There were very serious talks for Webber but the move would have been a similar one - playing the part of understudy to Alonso.

“Ferrari approached us first,” said Webber. “Things happen for a reason and it feels I’m staying here for the right reason. We made the decision just before Silverstone when both teams seemed pretty interested. I’m happy with that decision.”

World champion hopes

Webber has repeatedly been on a one-year rolling contract at Red Bull leading to conjecture that each year will be his final year.

Whether that’s the case in 2013 remains to be seen but the reality is that his last hopes of becoming world champion have probably disappeared

The best opportunity was in 2010 as Webber arrived in Abu Dhabi for the final race of the season among one of four drivers capable of winning the championship only to be upstaged by Vettel.

He insists returning there for the last race was far from uncomfortable for him.

“I didn’t lose the championship in Abu Dhabi so that’s not a problem at all, it wasn’t mine to lose,” he says and dismisses the tag that he might be the nearly man of the sport.

“The world title’s still something I’m aiming for, something I believe I can do. I wouldn’t bother turning up if I didn’t think that.”

Last year proved a tough one for Webber.

His driving style was not suited to the off-throttle blown diffuser, which Vettel used to such devastating effect en route to 11 wins in a truly dominant season.

It made Webber’s stock as a driver fall although he rectified that with a victory at the season-ending Brazilian Grand Prix and far more assured performances this season.

“I like the car a lot more,” he says. “I really didn’t like the blown floor and it proved a very difficult car for me. I didn’t have a great feel for it and getting the right set-up was hard for me.

“This year has been much better, well better than last year but not as good as 2010. I don’t like making excuses but last year I was making plenty of them. Not so this year.

“But this year I needed the perfect season to win the championship, I know that, and that just didn’t happen. I’ll get another chance next year.”

Red Bull had looked off the pace for much of the year but are now clearly the team to beat, drawing a footballing analogy from Webber in the process.
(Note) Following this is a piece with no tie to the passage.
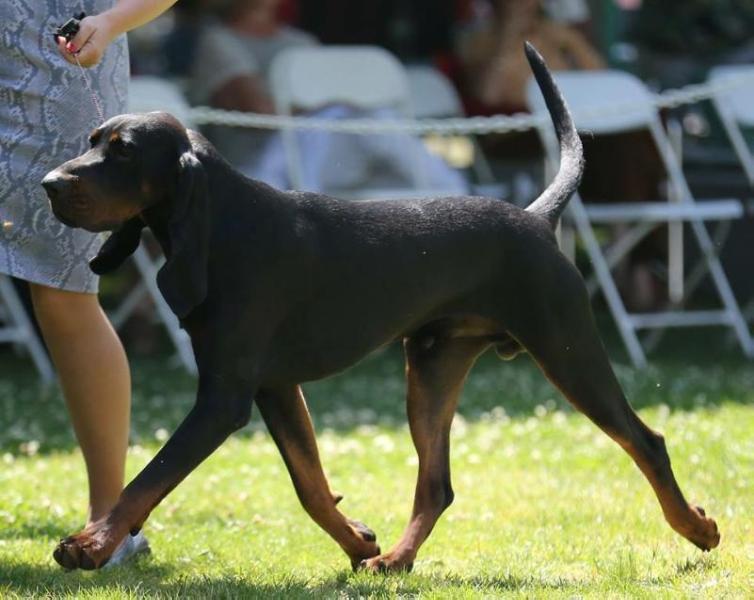 Carlin ScoutOut Black To The Future | Black and Tan Coonhound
“It’s like the Premier League,” he explains. “You have Manchester United, Manchester City, the top teams. But at the start of the year, you have teams that get promoted that are right up there at the start of the season but, as the season goes on, they don’t have the players on the bench to sustain that. It’s the same in Formula 1.”

Mortality

Despite having spent virtually half his life living in the UK, Webber still remains very true to the land of his birth.
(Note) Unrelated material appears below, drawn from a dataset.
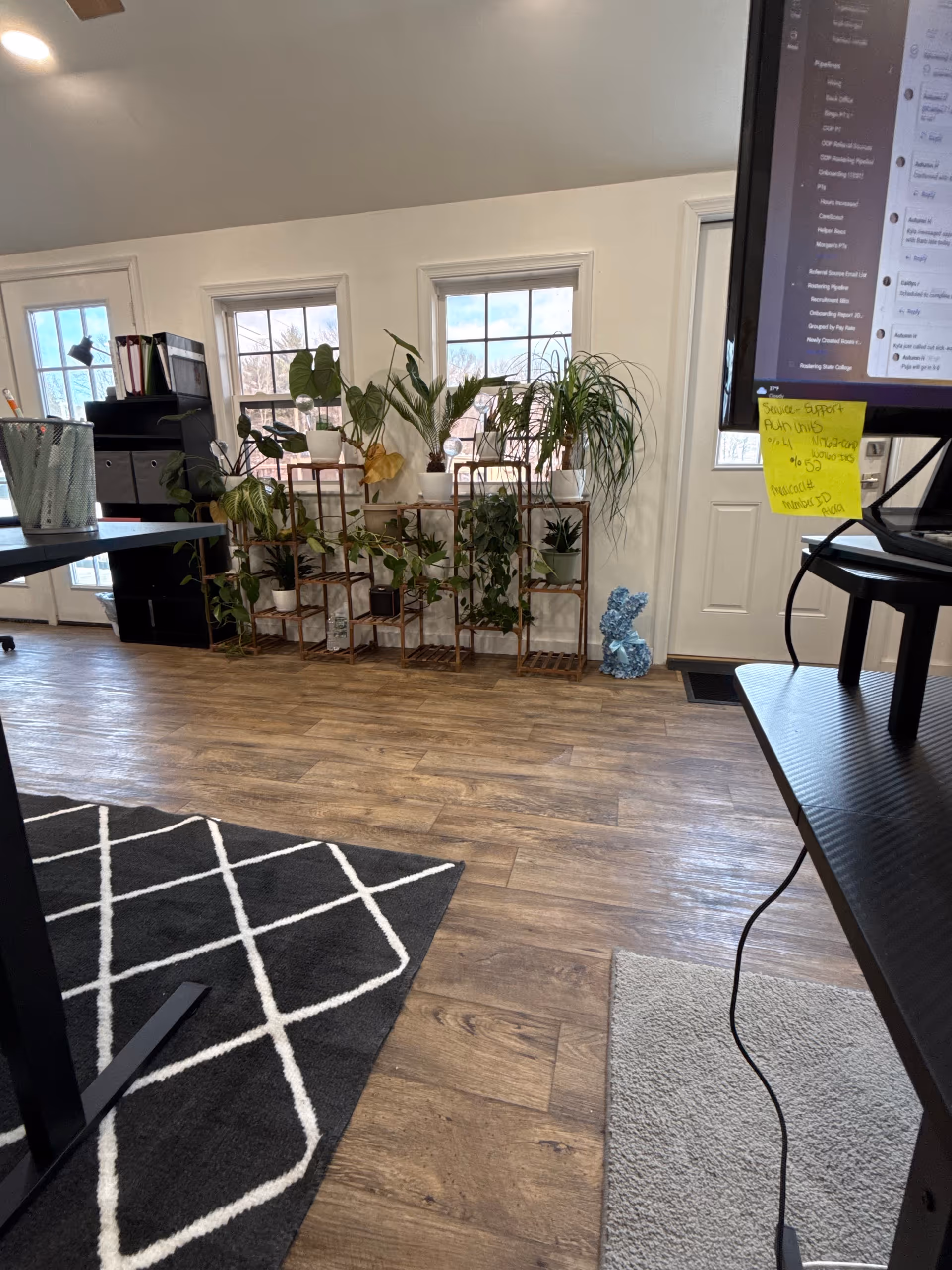 Interior lobby area with potted plants on shelves and a computer monitor.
Arguably he slots into the Aussie stereotype, his off-season ambitions involving beers and barbecues, and every other sentence in conversation is laced with the word “mate”.

He seems to have a greater sense of mortality than his younger peers and understandably so.

There have been some shocking accidents, one at Le Mans in 1999 and another in an F1 car at Valencia 11 years later, in which he flipped violently on both occasions but survived in one piece.

Both are worth watching just for the incredulity that he actually walked away unscathed. Then there was the cycling crash in 2008 in which he was left with a shattered leg after being hit by a car.

Looking back, he says: “The leg has never been the same again but I’m not a marathon runner so it doesn’t stop me doing my day job.

“I feel incredibly lucky as I know it could have been a very different outcome. So often, you feel invincible in F1.

“The Le Mans crash was the biggest deal of all of them. I really remember it even now. My sister had just had a baby and I was thinking about her and also thinking ‘mate, you’re too long’. Flipping in the air lasted an age, so there was lots of thinking time. Thankfully it wasn’t my time to go.”

As he approaches the end of his 11th season in F1, the same could be said of his career in top-flight racing.